- Genre: Reality competition
- Created by: John de Mol
- Judges: David Pack; Delta Goodrem; Diane Warren; Diego Torres; Fergie; Ivete Sangalo; Lea Salonga; Maía; Natasha Bedingfield; Sheila E.; Valeriya;
- Country of origin: United States
- Original language: English
- No. of seasons: 1

Production
- Producers: Ashley Baumann; Bart Kimball;
- Production locations: Los Angeles, California
- Camera setup: Multi-camera
- Running time: 20 minutes
- Production company: Avon

Original release
- Network: Avon Website
- Release: March 8 – November 2, 2011

= Avon Voices =

Avon Voices was a global online talent search for women and songwriting contest for men and women that took place across 62 countries and 37 languages, from December 2010 through November 2011.

==Process==
There were over 10,000 submissions. 178 singers were flown around the world for 20 live and staged shows.
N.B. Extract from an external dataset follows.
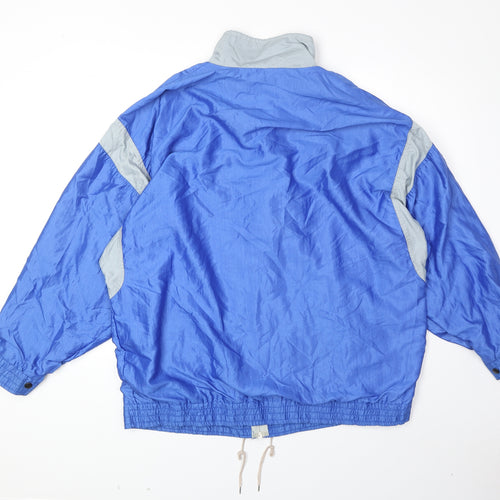 Sony Mens Blue Jacket Size XL Zip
Avon Voices culminated in the selection of two singing winners and two winning songwriting songs on November 2, 2011.

==Judges==
The international panel of artists judges included:

- David Pack
- Delta Goodrem
- Diane Warren
- Diego Torres
- Fergie
- Ivete Sangalo
- Lea Salonga
- Maía
- Natasha Bedingfield
- Sheila E.
- Valeriya

==Winners==
The two singing winners, Selena Gittens (Canada) and Evelina Anusauskaite (Lithuania), were announced at the annual Avon Foundation for Women Gala on November 2, 2011 in New York City. The event and announcement were streamed live via LiveStream.
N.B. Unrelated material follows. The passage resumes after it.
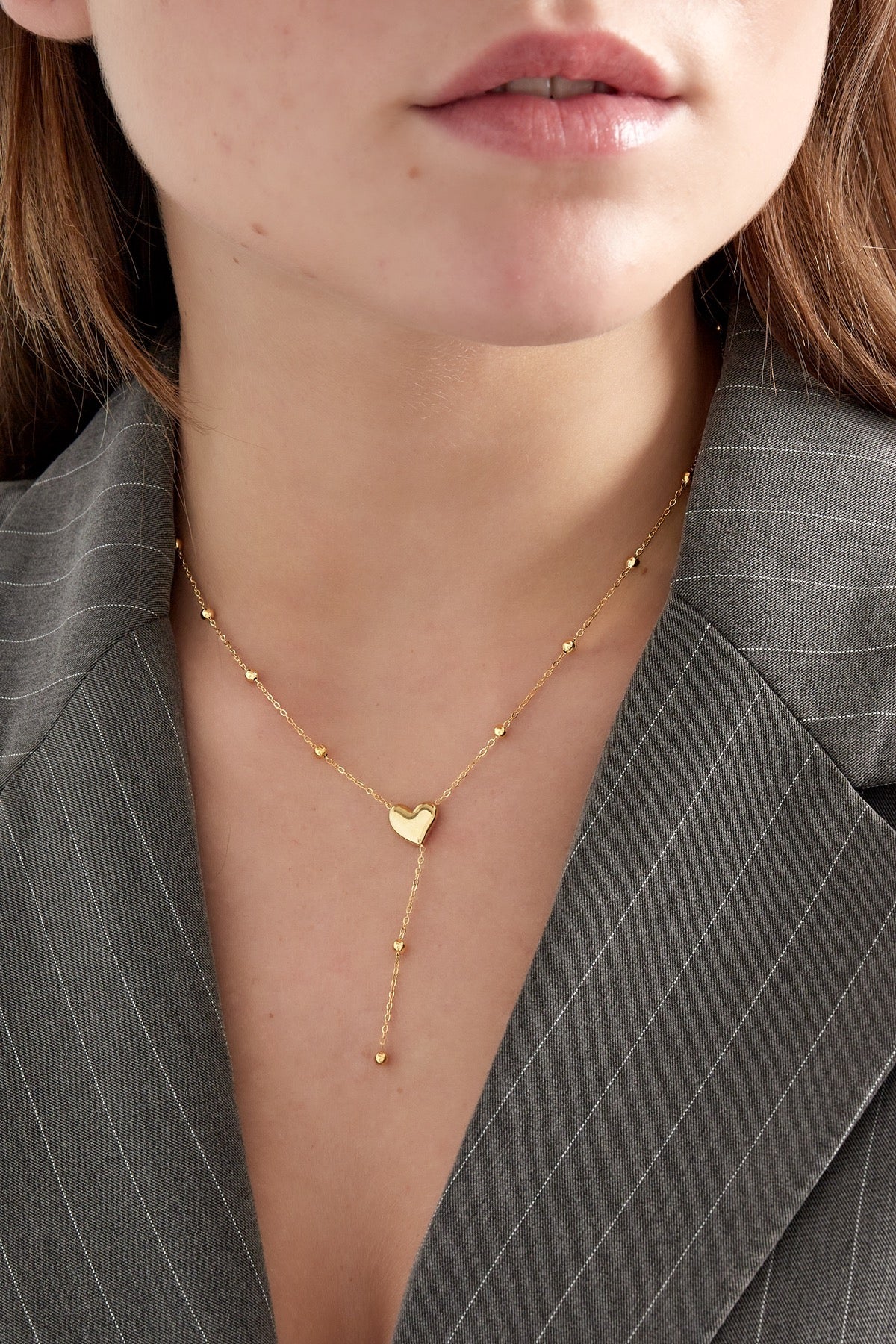 KETTING JOLENE ZILVER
The grand-prize-winning songwriting songs, "Step Up" (by Chloe Temtchine and Kyle Kelso) and "We All Fall Down" (by Ilene Angel and Sue Fabisch) were premiered at the Avon Foundation Gala, as well as a new original Avon Voices Anthem, written by Diane Warren, entitled "Be What You Believe."

==Notability==
Avon Voices is believed to be the largest and most expansive global online singing competition ever held. 178 women were flown over 1,000,000 miles to 1 of 6 major world cities over the course of the competition. Over 2,500,000 votes were cast online throughout the duration of the program. The Avon Voices website, the first ever website to simultaneously push in 37 languages, was visited by fans in over 213 countries and territories.

==Controversy==
On November 3, 2011, Avon issued a formal press release regarding the selection of the winners. The press release stated that "as part of the winnings, Selena (Gittens) and Evelina (Anusauskaite) will record a fully produced album that will be sold through Avon distribution channels in select markets and a portion of the proceeds from the anthem sale in 2012 will go to the Avon Foundation for Women." At present, the album has yet to be distributed or sold.